ServerRecords

Help & Troubleshooting

MTA-STS

What this is

MTA-STS lets a domain require that inbound mail be delivered only over authenticated TLS to its listed MX hosts. It combines a DNS record (_mta-sts) with a policy file served at https://mta-sts.yourdomain.com/.well-known/mta-sts.txt.

How to read your result

A healthy setup shows both the DNS record and a fetchable policy file, with mode: enforce for real protection (testing only reports).
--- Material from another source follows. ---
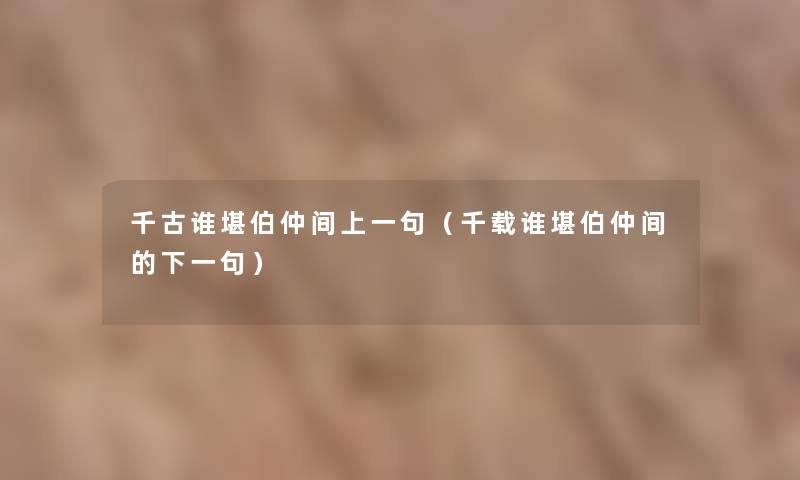 千古谁堪伯仲间上一句（千载谁堪伯仲间的下一句）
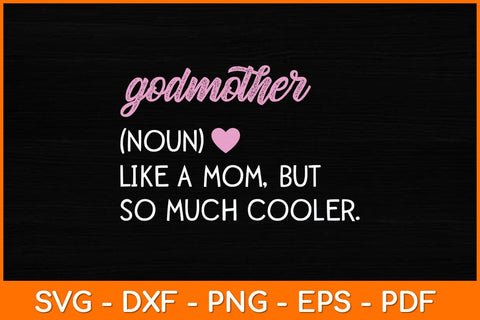 Godmother Definition Cute Mother's Day Svg Design SVG artprintfile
Check the policy's mx: entries actually match your MX hostnames.

Common problems and how to fix them

DNS record exists but the policy file is unreachable

How it shows up: Senders cannot fetch the policy, so MTA-STS silently provides nothing; the check reports the fetch failure.
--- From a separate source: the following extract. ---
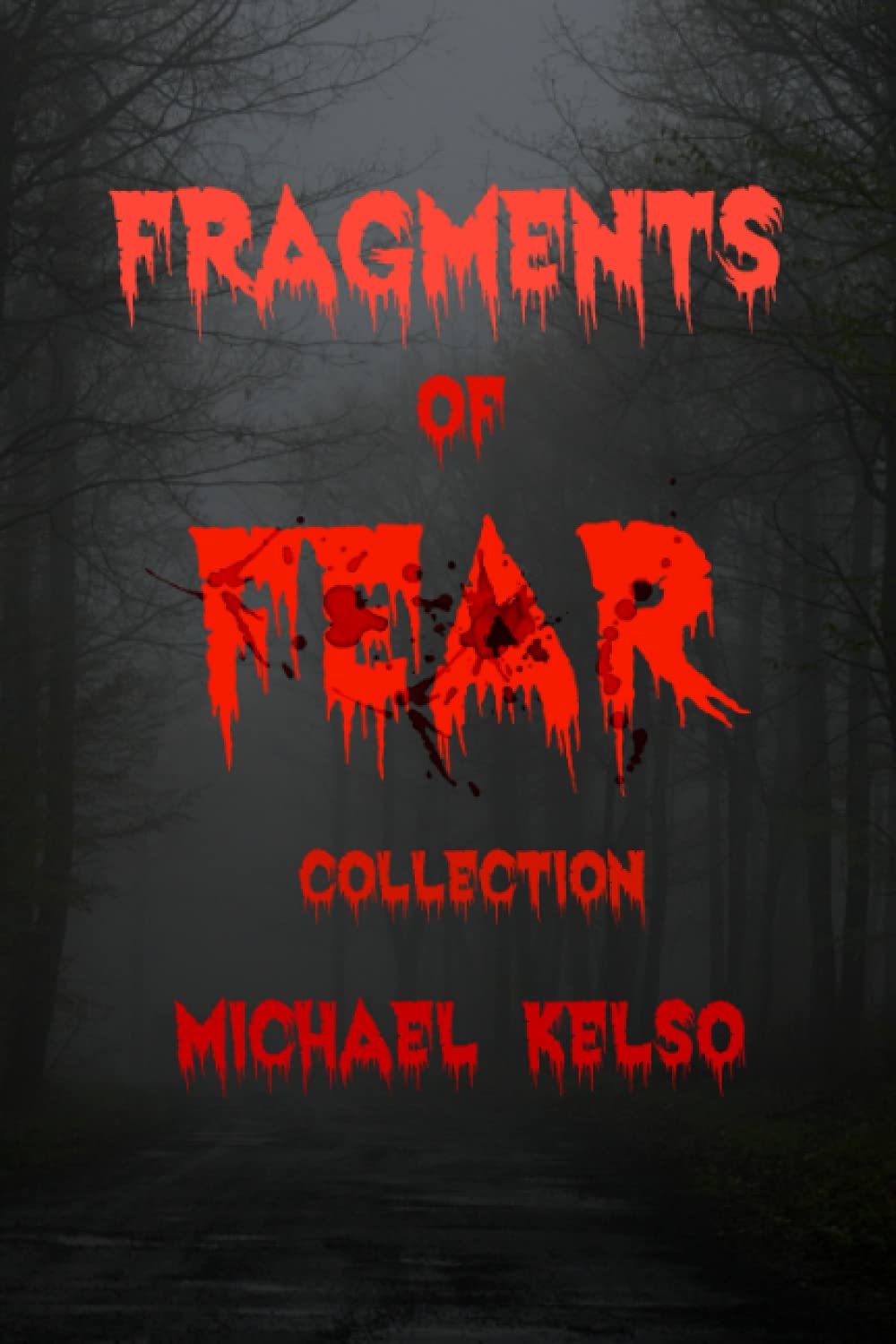 Fragments of Fear Collection poster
How to fix it: Serve the file at exactly https://mta-sts.yourdomain.com/.well-known/mta-sts.txt with a valid certificate for the mta-sts subdomain. A tiny static site or a CDN worker is enough — but it must stay up.
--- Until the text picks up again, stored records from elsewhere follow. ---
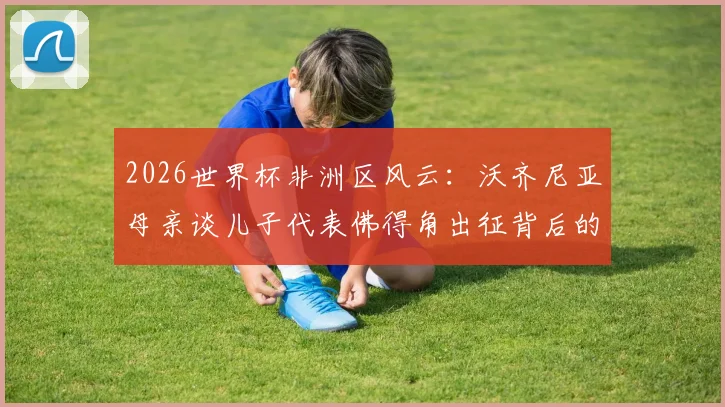 2026世界杯非洲区风云：沃齐尼亚母亲谈儿子代表佛得角出征背后的故事与门将成长路径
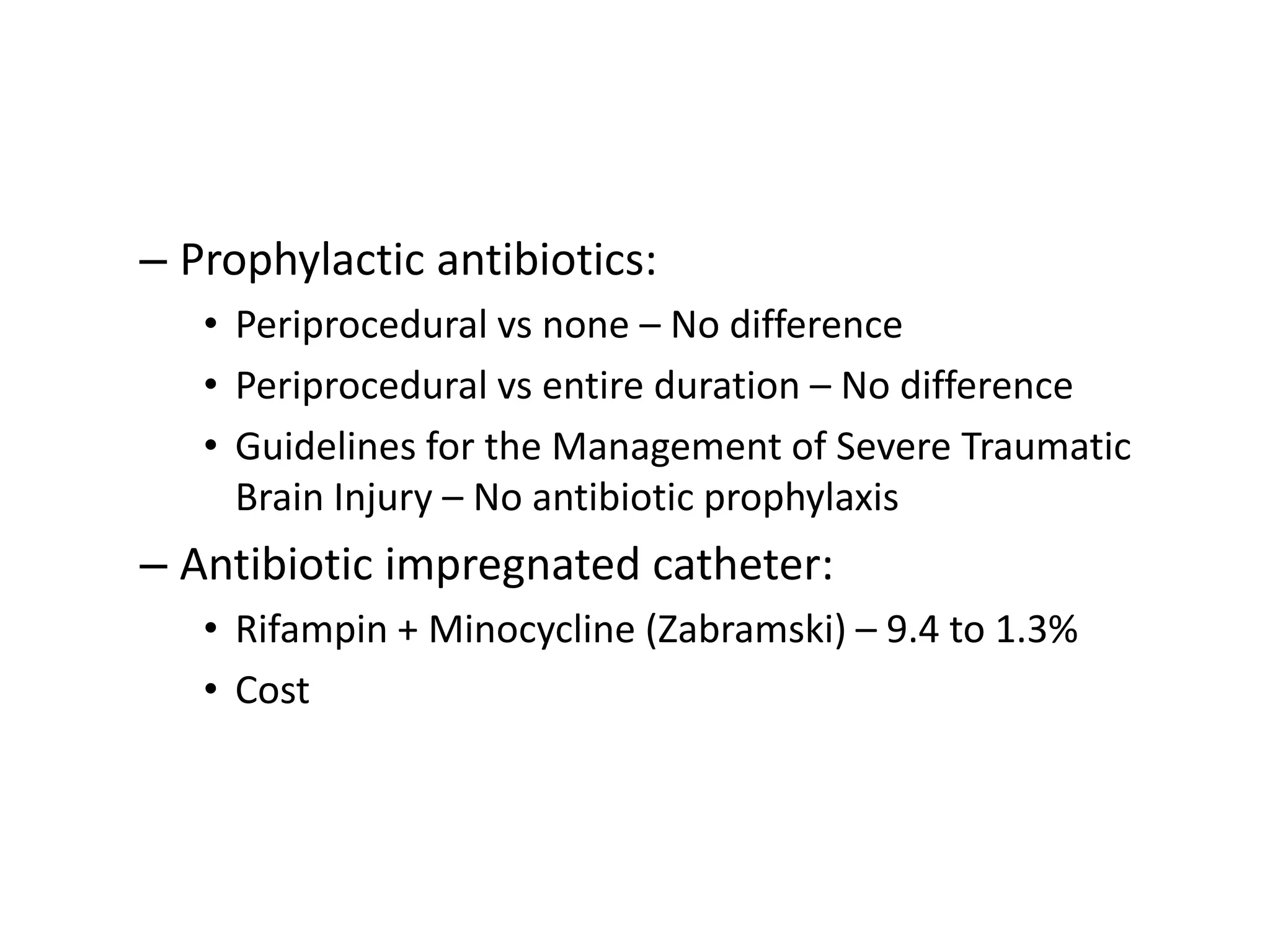 – Prophylactic antibiotics:
• Periprocedural vs none – No difference
• Periprocedural vs entire duration – No difference
• Guidelines for the Management of Severe Traumatic
Brain Injury – No antibiotic prophylaxis

– Antibiotic impregnated catheter:
• Rifampin + Minocycline (Zabramski) – 9.4 to 1.3%
• Cost

 
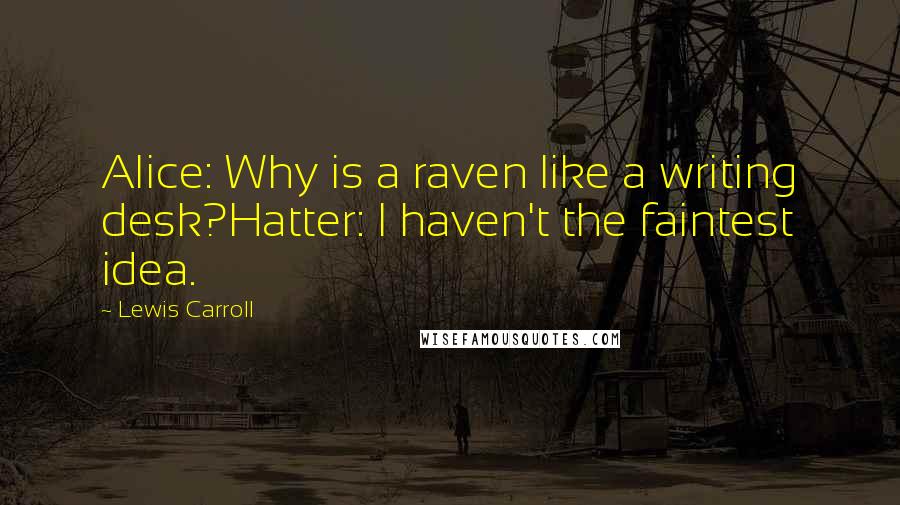 Lewis Carroll Quotes: Alice: Why is a raven like a writing desk?Hatter: I haven't the faintest idea.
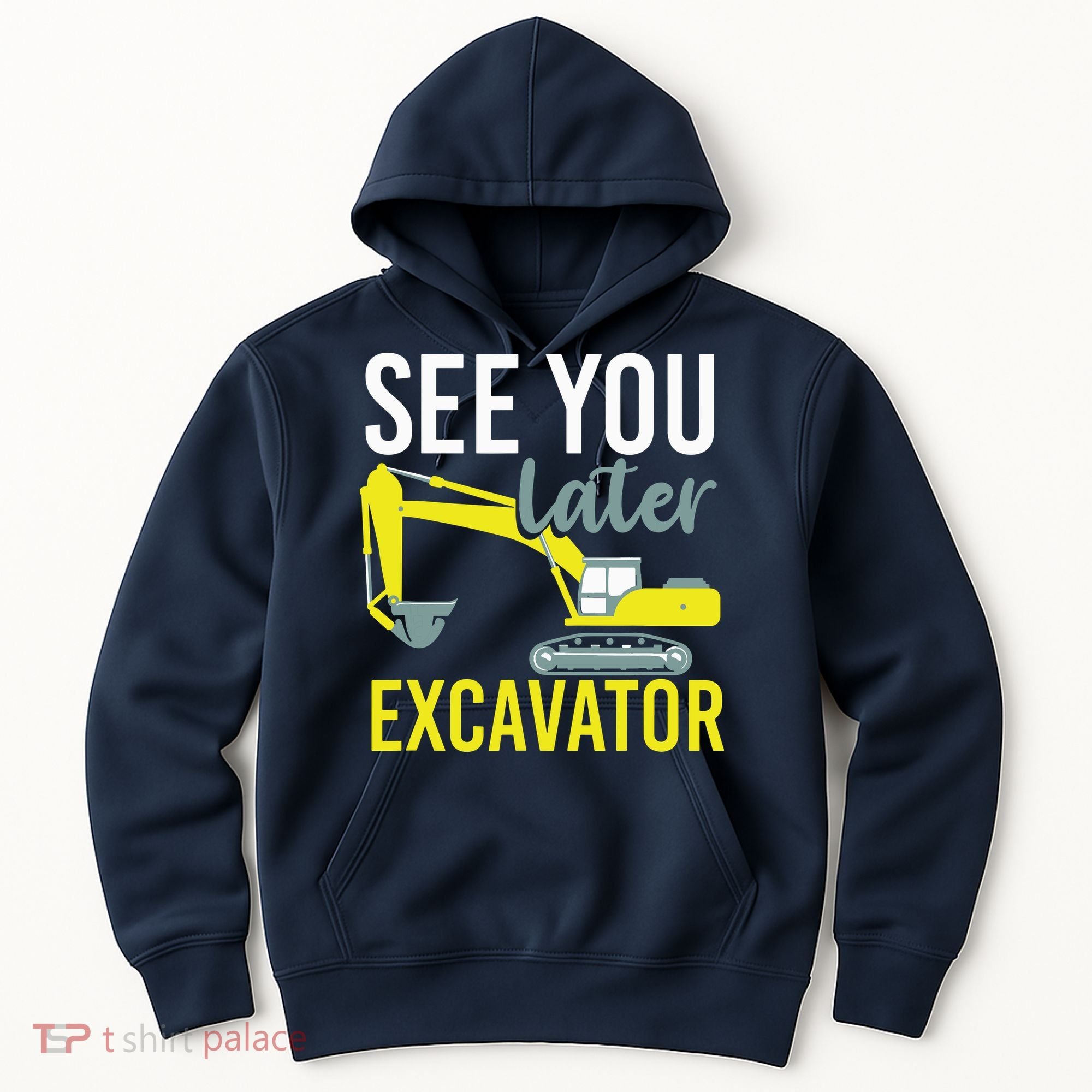 See You Later Excavator Hoodie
Policy mx entries do not match the real MX records

How it shows up: In enforce mode, legitimate mail from strict senders starts getting refused after an MX change.

How to fix it: Update the policy file whenever MX records change (and bump the id= in the DNS record so caches refresh). Automate this pairing if MX changes are at all frequent.

Stuck in testing mode forever

How it shows up: TLSRPT reports arrive but downgrade attacks would still succeed — testing mode never blocks anything.

How to fix it: After a clean period in testing (watch your TLSRPT reports), switch mode: to enforce and bump the id=.